En effet, avec son collectif local, Bruno Dalpra avait déjà lutté contre le Grand contournement ouest de Strasbourg qui, après avoir été remis en doute en 2021 par le tribunal administratif de Strasbourg, est tout de même entré en service, bafouant les réglementations écologiques et autres mesures compensatoires.
Partant de ce constat comme de tant d’autres en France, le collectif La Déroute des routes, regroupant de nombreuses associations luttant contre des projets routiers destructeurs, travaille d’arrache-pied depuis plusieurs années déjà afin d’amener à repenser la place de la voiture au quotidien en France mais aussi de rediriger le budget routier vers des mobilités en cohérence avec les enjeux environnementaux actuels.

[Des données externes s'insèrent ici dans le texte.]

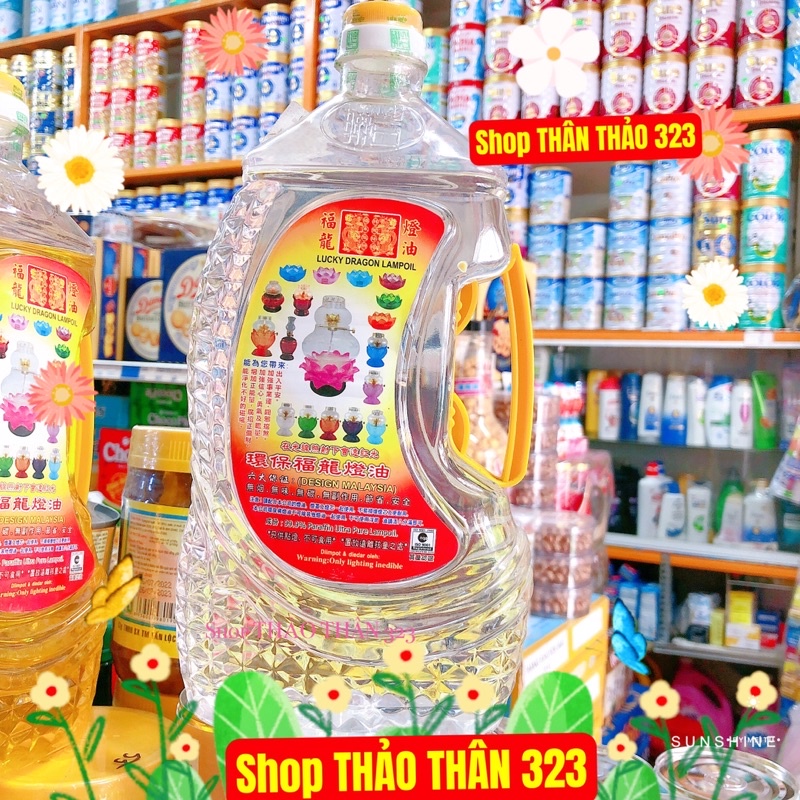 DẦU CÁT TƯỜNG LƯU LY CHÍNH HÃNG  Malaysia 🇲🇾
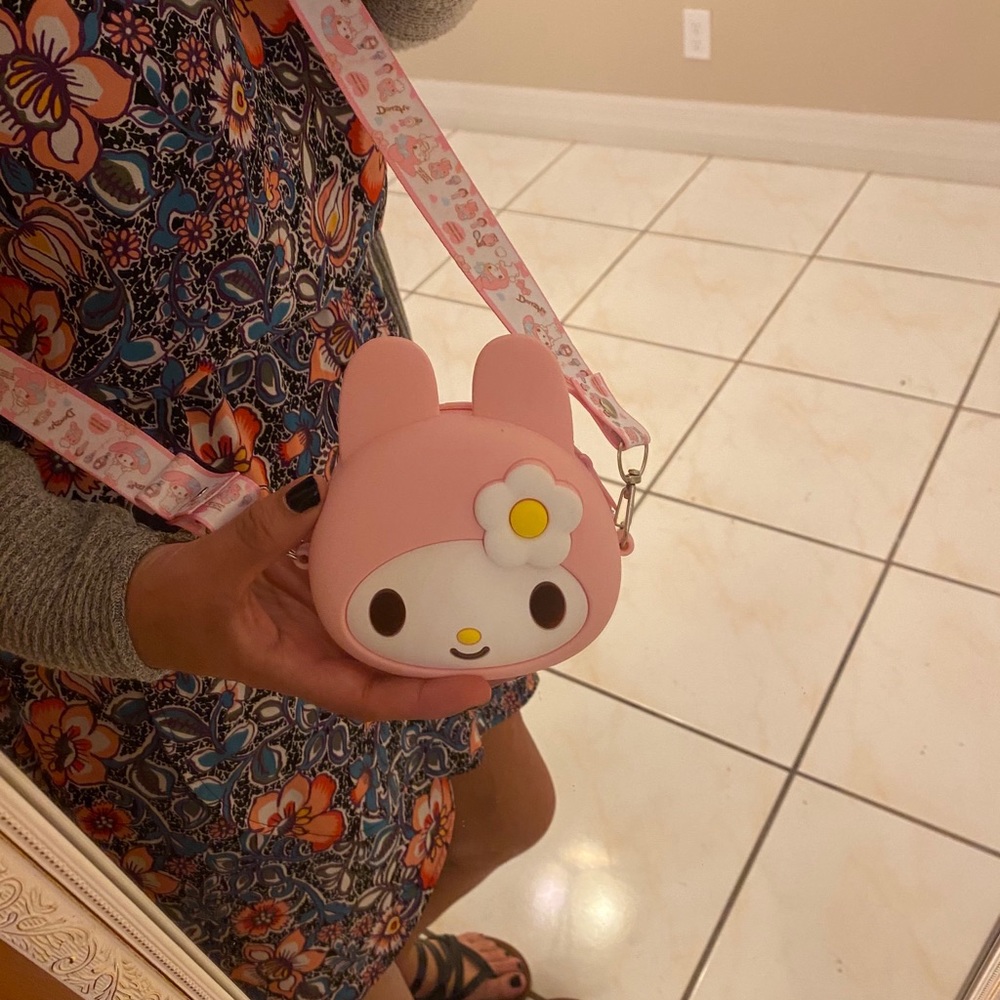 Silicone My Melody shoulder bag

À ce titre, un moratoire sur les projets routiers et autoroutiers avait été publié en 2022, grâce au travail des membres du collectif mais aussi de plusieurs députés. En septembre de la même année, La Déroute des routes est reçue à l’Assemblée nationale et auditionnée par Alma Dufour, alors rapporteur spécial de la mission « conduite et pilotage des politiques de l’écologie, du développement et des mobilités durables », mais cette parenthèse d’espoir ne débouchera finalement sur aucune avancée.
Un amendement déposé en octobre
En 2023, là encore, le collectif fait une proposition d’amendement au projet de loi de finances concernant un moratoire. « Ça n’a rien donné, une fois de plus. Le gouvernement est resté campé sur un discours de la nécessité des projets routiers et autoroutiers. C’était un dialogue de sourds », précise Bruno Dalpra à La Relève et la Peste.
En octobre de la même année, toutefois, le collectif obtient une rencontre avec Clément Beaune, ministre des transports de l’époque. Une fois n’est pas coutume, La Déroute des routes repart bredouille mais surtout consternée d’un tel aveuglement de la part du gouvernement.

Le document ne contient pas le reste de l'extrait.